Many were skeptical when, back in 2007, Canadian company D-Wave announced that it had built the world's first commercially viable quantum computer. Now a study published in the August issue of Nature's Scientific Reports co-authored by D-Wave and Harvard researchers proves the D-Wave One is the real deal.

"The D-Wave computer found the ground-state conformation of six-amino acid lattice protein models. This is the first time a quantum device has been used to tackle optimization problems related to the natural sciences," said Harvard professor Alán Aspuru-Guzik, the lead author of the paper.

The precise details of the protein-folding study are a bit complex, but basically they were looking for the lowest-energy configuration of folded proteins, which is believed to be the correct one since it is the most stable. In nature, proteins fold themselves correctly most of the time, but when they don't they cause diseases such as Alzheimer's.

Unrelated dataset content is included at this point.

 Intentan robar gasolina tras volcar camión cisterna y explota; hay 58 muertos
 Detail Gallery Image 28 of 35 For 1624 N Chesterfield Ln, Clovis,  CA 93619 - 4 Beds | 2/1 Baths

The quantum computer correctly solved 13 times out of 10,000 for four-amino-acid and six-amino-acid sequences under the Miyazawa-Jernigan model of lattice protein folding.

In the abstract, the authors seem optimistic about the computer's prospects, stating that, "the approach employed here can be extended to treat other problems in biophysics and statistical mechanics such as molecular recognition, protein design, and sequence alignment." And Google has adopted the system to train image recognition software.

What's next?

D-Wave has been working on a 512 qubit chip since 2011, but since publication lags behind current work, this study used the company's 128 qubit chip. The experiments only required between five and 81 qubits, and while the 128 qubit chip isn't as powerful as regular supercomputers (or even some desktop computers), the speed is determined mainly by the type of quantum algorithm being run.However, one can extrapolate speeds, and in an interview with NextBigFuture, D-Wave CTO Geordie Rose said that 512 qubits would be approximately 1,000 times faster than 128 qubits, and a projected 2,048 qubit chip would be 1,000 times faster than 512 qubits.

Source: Nature via D-Wave

Raymond Johnson
Yay for Quantum Computing!
13 times it succeeded out of 10,000 tries? Hmm, makes Microsoft's windows look promising. I'll be impressed when it solves problems 9,999 times out of 10,000. i can live with a little tiny error.
Jess Atwell
Hate to be a downer, but this doesn't seem to be any improvement to current computing. And the thought that all that has to be done is increase it's computing power doesn't seem to be any different than adding power to current where will this take us in the end?
Chuck Anziulewicz
Maybe these new quantum computers will figure out a way to fold space. Then we can get on with the business of interstellar colonization.
I wonder how many times out of 10,000 tries a monkey would get it right? Just wondering if it statistically significant.
Yes Bew, what exactly is the success rate of a monkey solving six-amino-acid folding sequences under the Miyazawa-Jernigan lattice-model?
A working, commercially available quantum computer is a big deal. It is long way away from mass market but this is still a significant benchmark.
In normal computing there are two states, 0 or 1. In quantum computing there are multiple possible states or quantum bits (qbits) so it has the potential to scale exponentially.
It would have been helpful if the author had posted what a purely random approach would have yielded so we can gauge what the significance of 13/10000 is, since otherwise it looks lousy.
@Adrien the short answer is 0/10,000 but check out folding@home (, it is a distributed computing platform that uses mostly donated CPU cycles to complete protein folding.
Here is a quote from the page:
"It's amazing that not only do proteins self-assemble -- fold -- but they do so amazingly quickly: some as fast as a millionth of a second. While this time is very fast on a person's timescale, it's remarkably long for computers to simulate. In fact, it can take about a day to simulate about a hundred nanoseconds (1/1,000,000,000 of a second). Unfortunately, many proteins fold on the millisecond timescale (1,000,000 nanoseconds). Thus, it would take 10,000 CPU days to simulate folding -- i.e. it would take 30 CPU years! That's a long time to wait for one result"
If you are just adding a couple numbers in a single computation it is possible for a random result to occasionally equal the correct result but for something as incredibly complex with as many calculations required to complete a protein folding sequence the odds of a random result being correct are abysmal.
Ken Dawson
In other news: "What?!! Quantum computers are real!?!"
Ulf Lindroth
I think 13 out of 10,000 means the 13 correct minimum configurations out of 10,000 possible non minimum configurations. It doesn't mean 13 correct out of 10,000 correct.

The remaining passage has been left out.